Dr. Sneha Manger is an academic in the field of International Relations with interests in identity politics, nationalism, postcolonial state formation, minority studies, and questions of culture, citizenship, and belonging in contemporary South Asia. Her work engages with themes of identity negotiation, marginalisation, state-community relations, and the political dimensions of representation, with particular attention to the Indian Nepali community and issues emerging at the intersections of ethnicity, nationhood, and postcoloniality.
She completed her Ph.D. in International Relations from Jadavpur University, Kolkata. Her doctoral research, A Study of the Indian Nepali Community: Identity and the State, explored questions of identity formation, state structures, and belonging within the Indian context. She holds an M.Phil. from the Centre for Studies in Social Sciences (CSSS), Kolkata, and completed both her Bachelor’s and Master’s degrees in International Relations from Jadavpur University. She qualified the West Bengal State Eligibility Test (WBSET) in 2025.
Dr. Manger is currently Assistant Professor at St. Xavier’s University, Kolkata. Earlier, she taught at Salesian College, Sonada, where she served in multiple academic and administrative capacities, including Head of Department, Deputy Head of Department, Faculty Coordinator for Model United Nations, and member of institutional bodies such as the Research Cell, Women’s Cell, and NAAC committees. She has also supervised undergraduate research and contributed to academic administration and evaluation.
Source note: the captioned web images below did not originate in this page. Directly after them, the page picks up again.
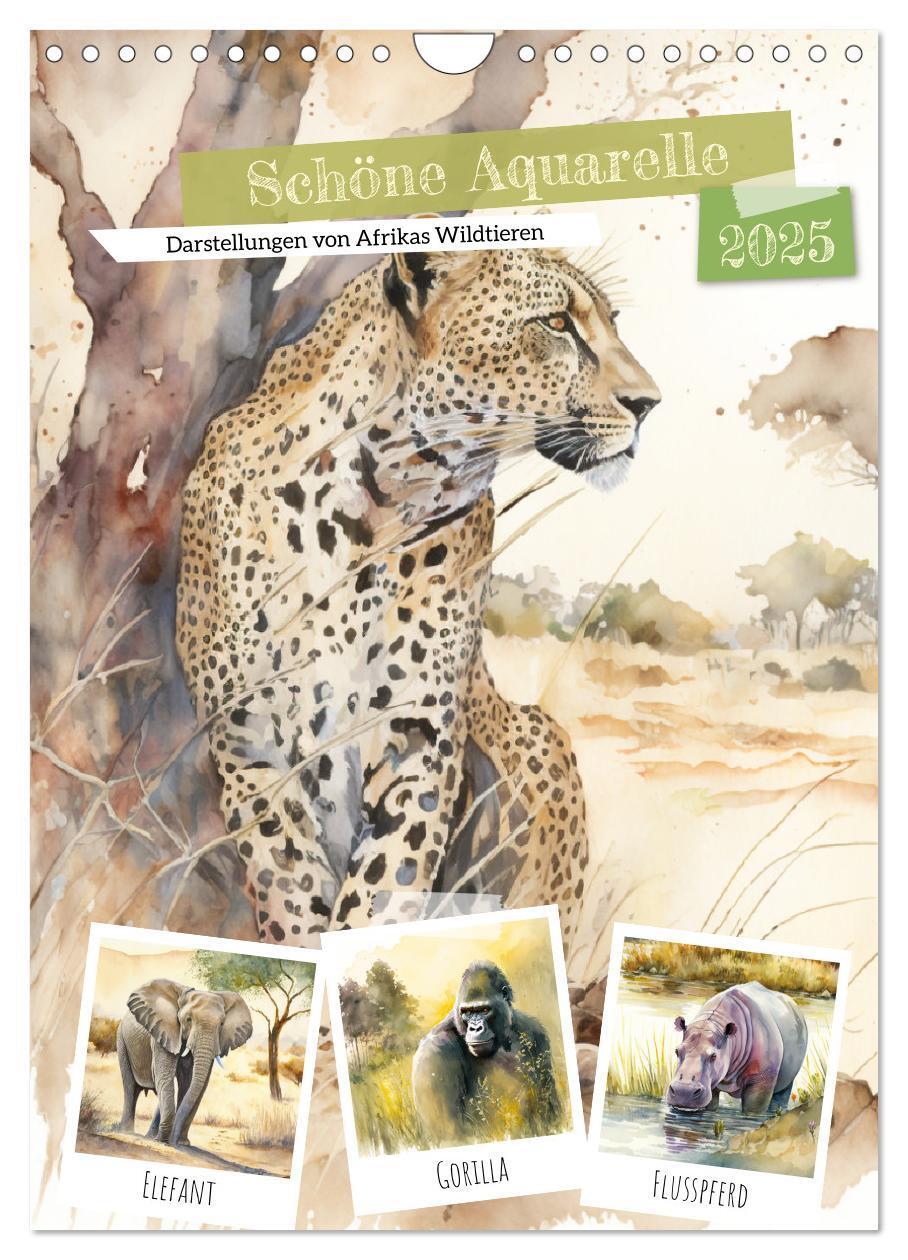 Cover: 9783435870462 | Schöne Aquarelle. Darstellungen von Afrikas Wildtieren...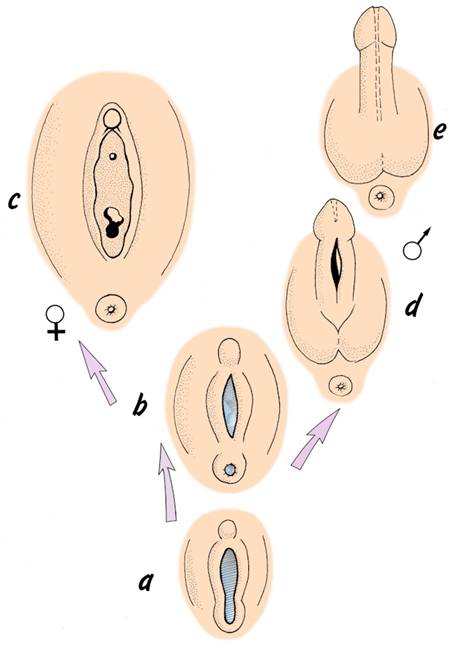 cysts on labia. about cyst on labia minora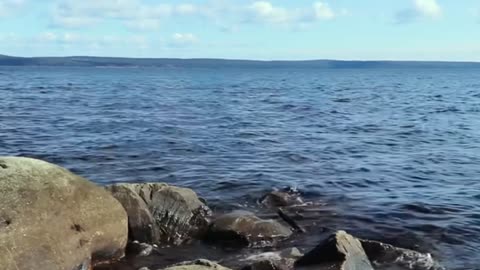 Calming Music for Anxiety and Depression – Soothing Nature Sounds for Stress Relief & Sleep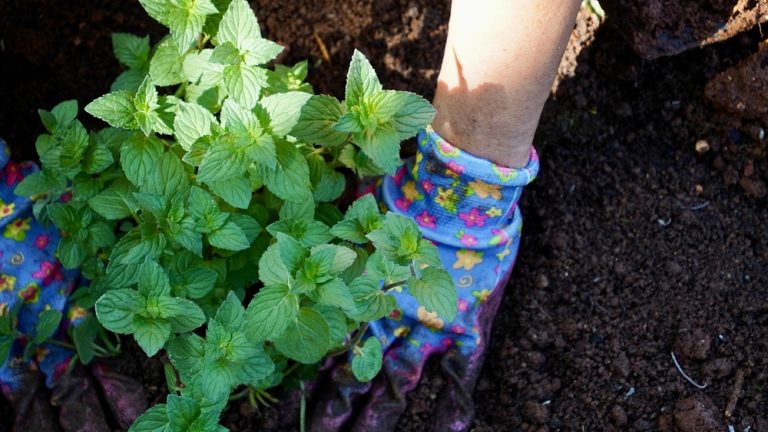 Why Native Plants Are Taking Over American Yards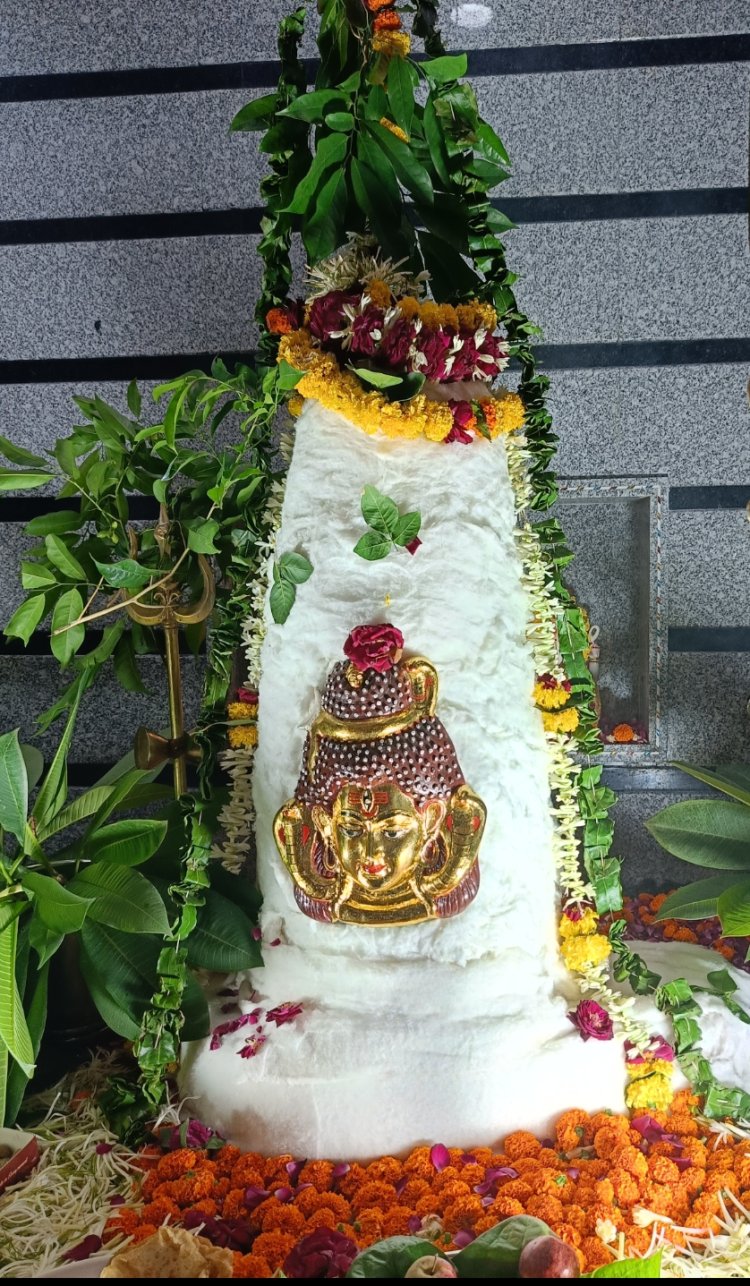 धर्म संस्कृति : श्री नागेश्वर एकलिंग नाथ महादेव का सहस्रधारा अभिषेक कर किया नयनाभिराम श्रृंगार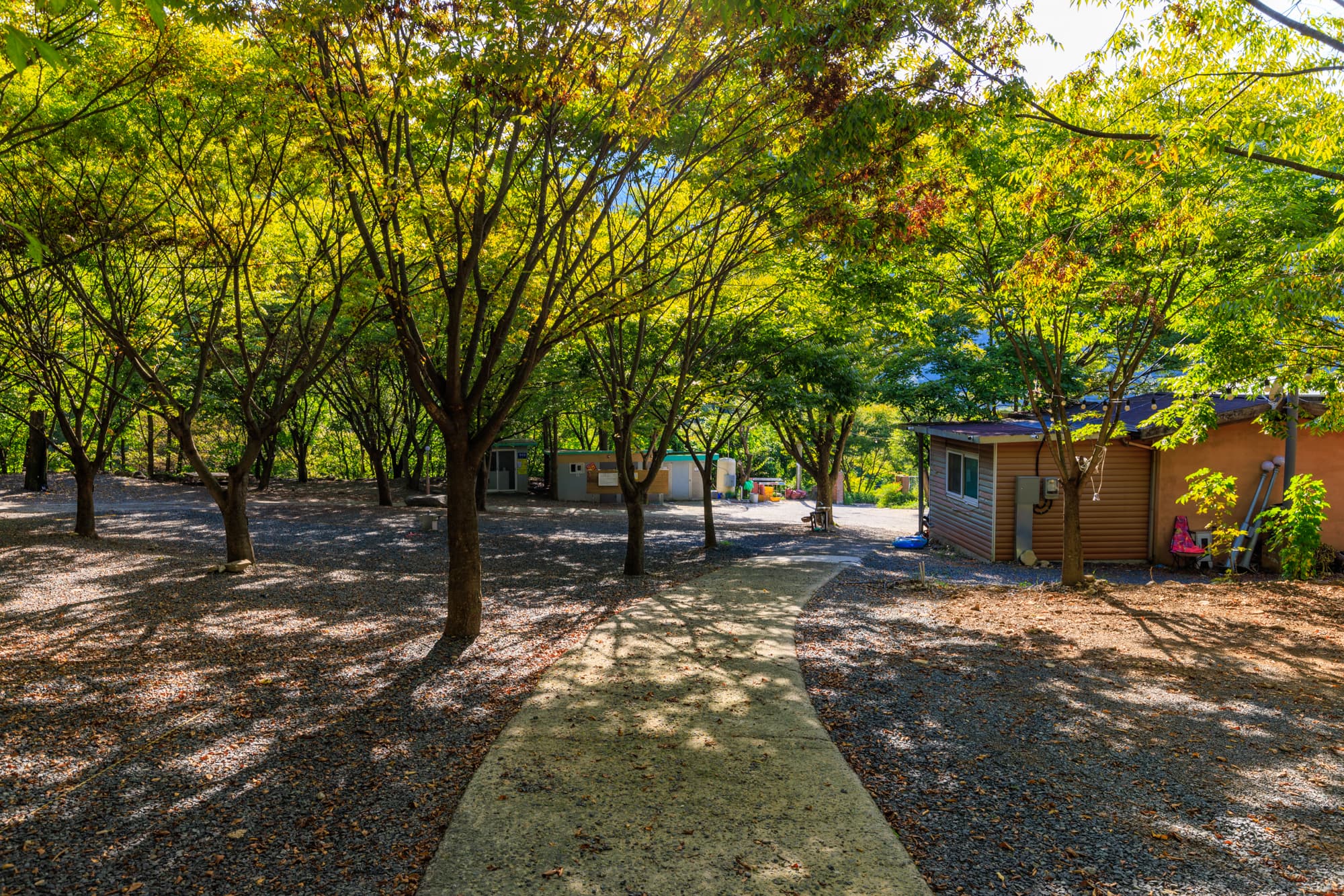 약초농원 캠핑장 이미지 2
Her research spans questions of identity assertion, displacement, literary representations, feminism, and contemporary social and political transformations. She has presented papers at national and international academic forums and published work examining Indian Nepali identity and literary discourse. Her academic engagement remains centred on critical inquiry, interdisciplinary perspectives, and socially grounded scholarship.